* [Records for the exercise]:
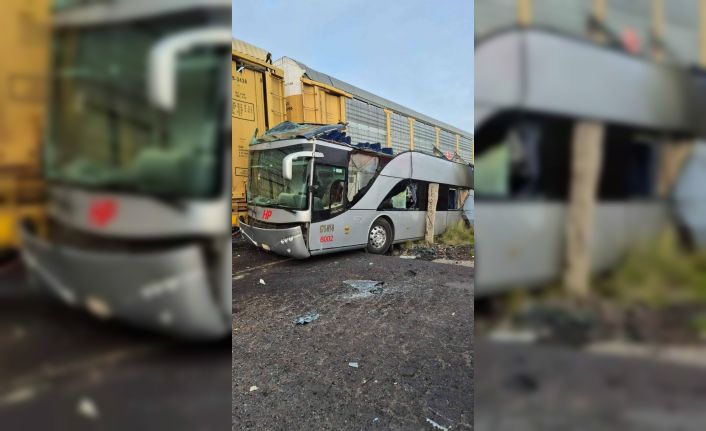 Meksika’da tren yolcu otobüsüne çarptı:  8 ölü, 45 yaralı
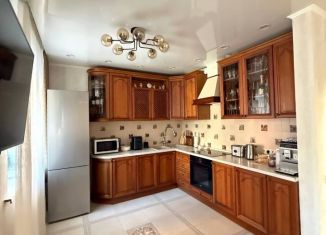 Продаю четырехкомнатную квартиру, 135 м2, Барнаул, улица Никитина, 88, Центральный район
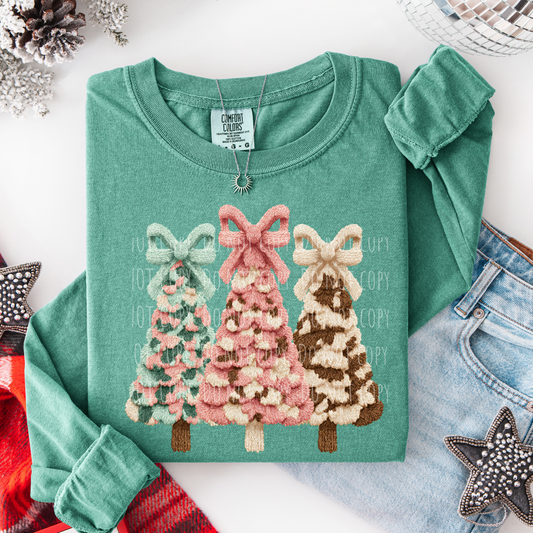 Latch Hook Coquette Christmas Trees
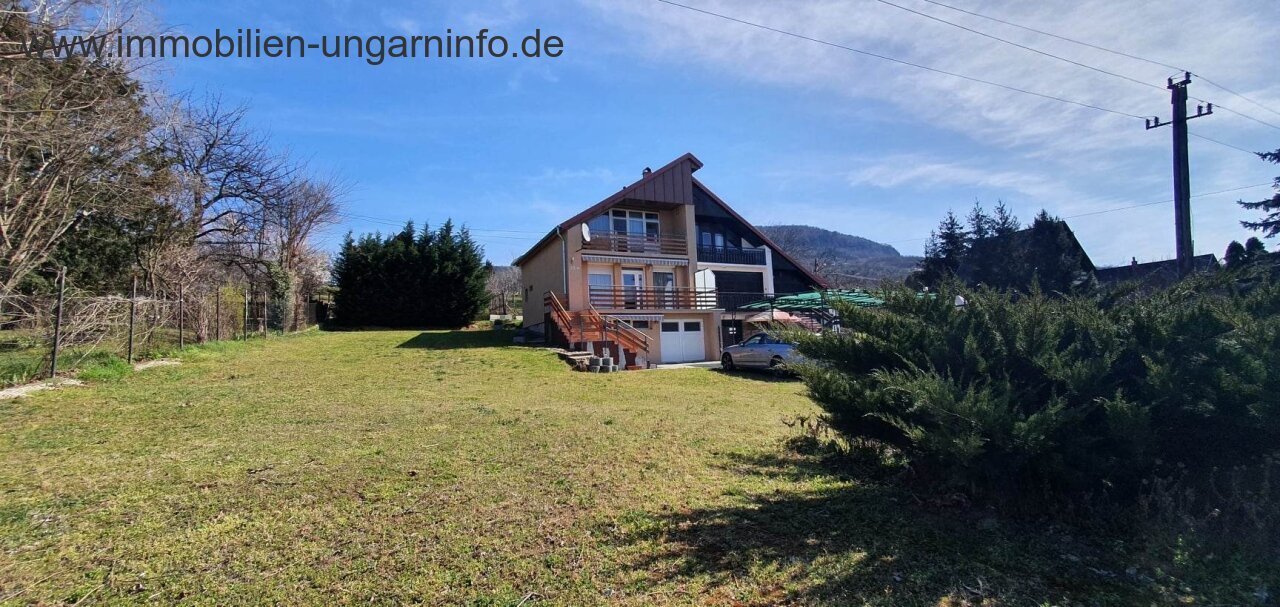 3-storey house for sale on the northern shore of Lake Balaton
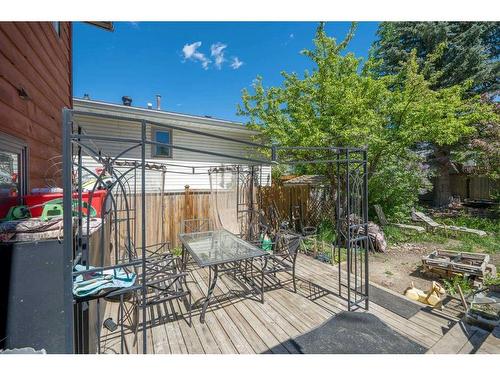 111 Wood Valley Court Sw, Calgary, AB - Outdoor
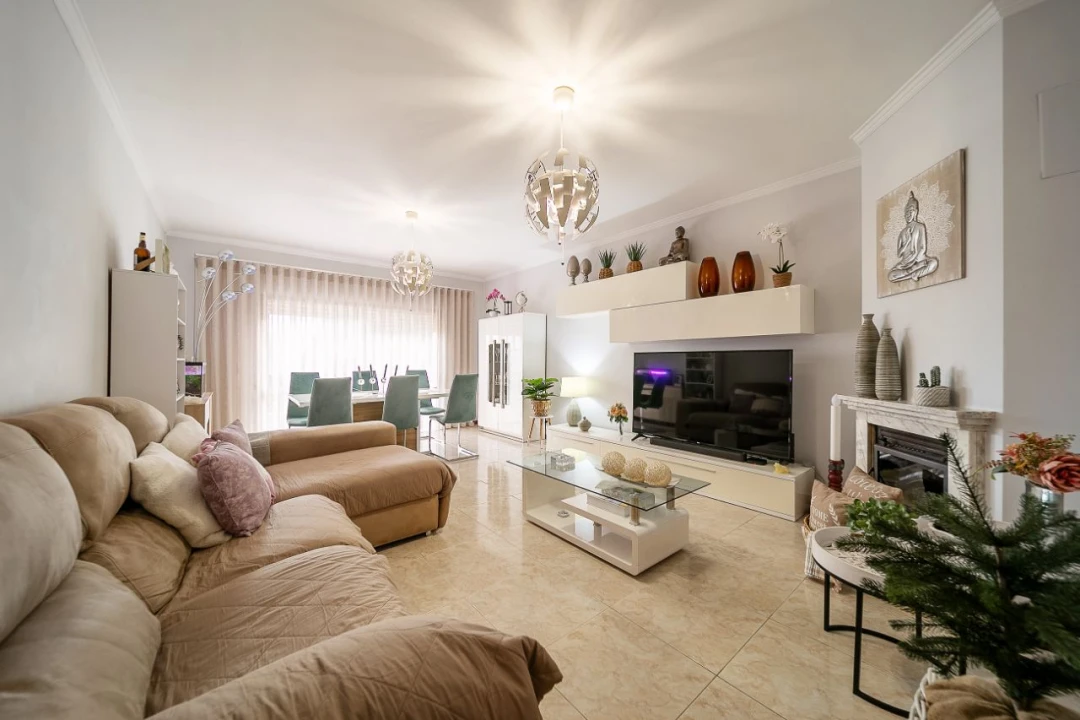 Apartamento T2 para Venda em Canelas Foto 1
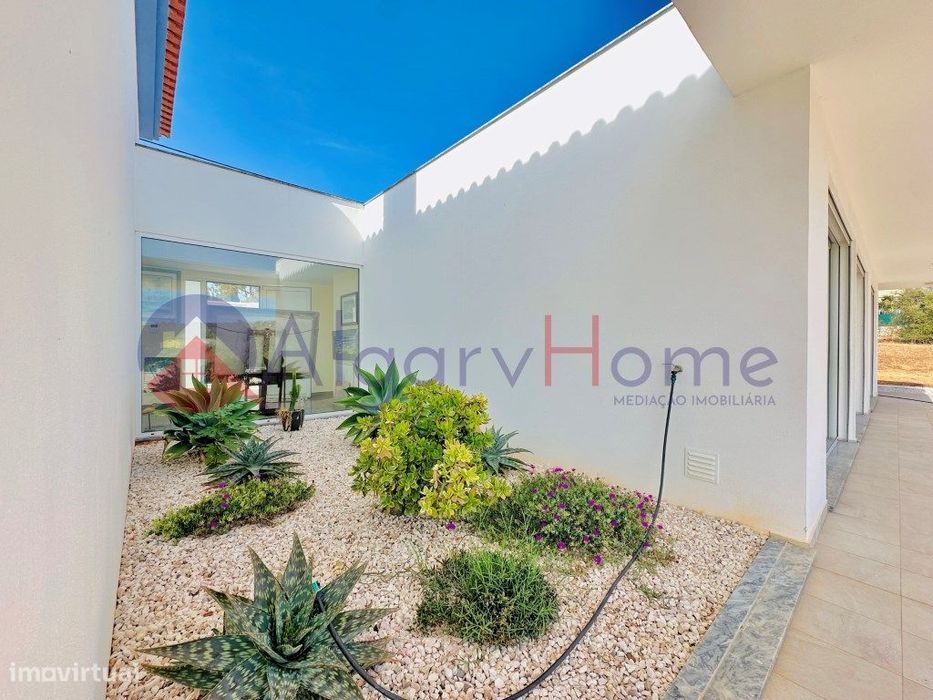 Moradia V4 Contemporânea Em Ferragudo - Algarve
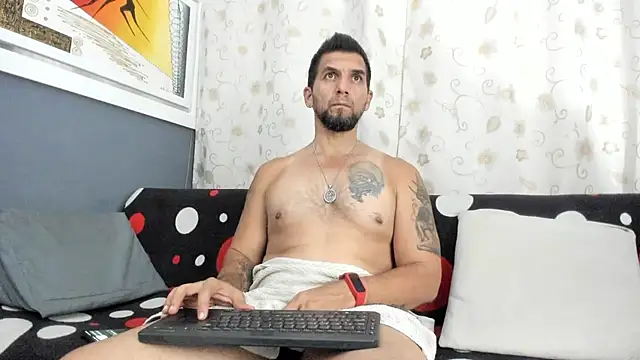 JULESLAKES online show from November 16, 2025, 3:56 am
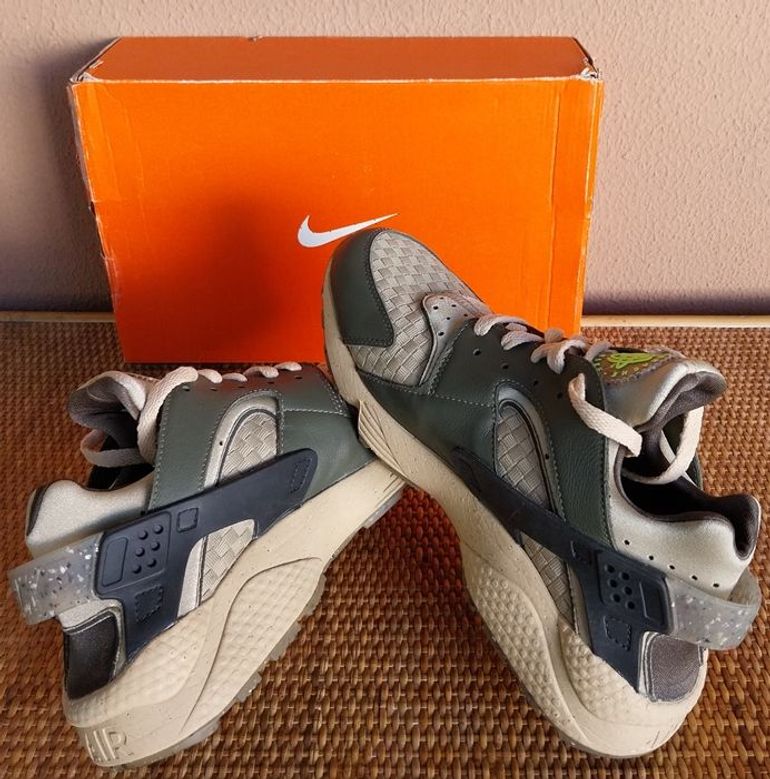 Used Nike Air Huarache Crater Premium  bike, ,  — image 1 of 9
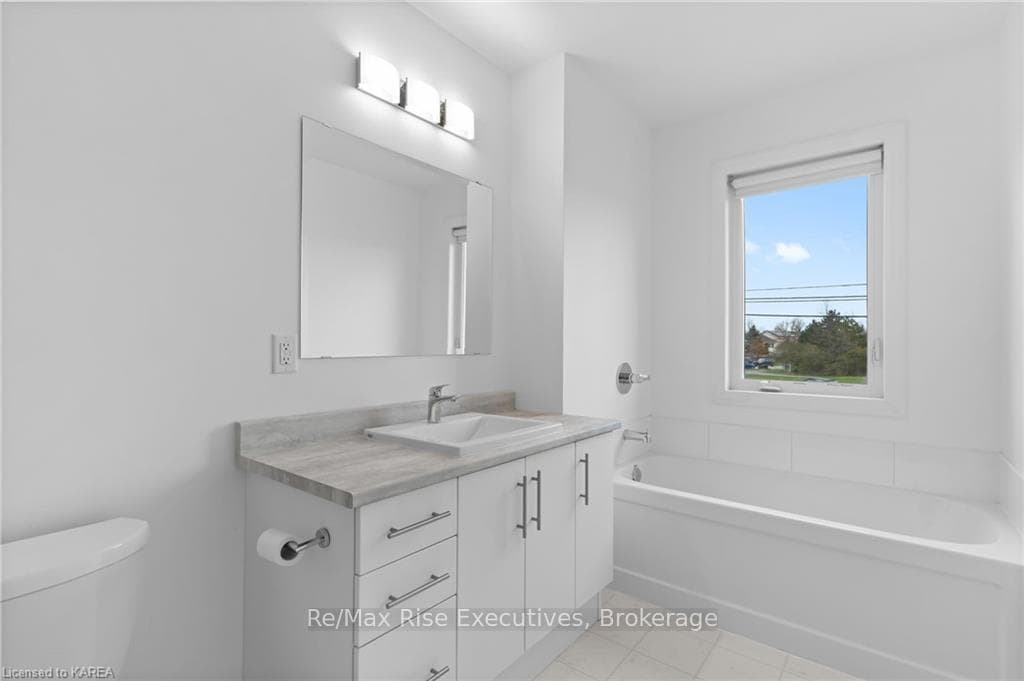 908 RIVERVIEW Way photo 29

* [Goal of the exercise]: Repeat the records above exactly, without pictures.

* [The answer]:
 Meksika’da tren yolcu otobüsüne çarptı:  8 ölü, 45 yaralı
 Продаю четырехкомнатную квартиру, 135 м2, Барнаул, улица Никитина, 88, Центральный район
 Latch Hook Coquette Christmas Trees
 3-storey house for sale on the northern shore of Lake Balaton
 111 Wood Valley Court Sw, Calgary, AB - Outdoor
 Apartamento T2 para Venda em Canelas Foto 1
 Moradia V4 Contemporânea Em Ferragudo - Algarve
 JULESLAKES online show from November 16, 2025, 3:56 am
 Used Nike Air Huarache Crater Premium  bike, ,  — image 1 of 9
 908 RIVERVIEW Way photo 29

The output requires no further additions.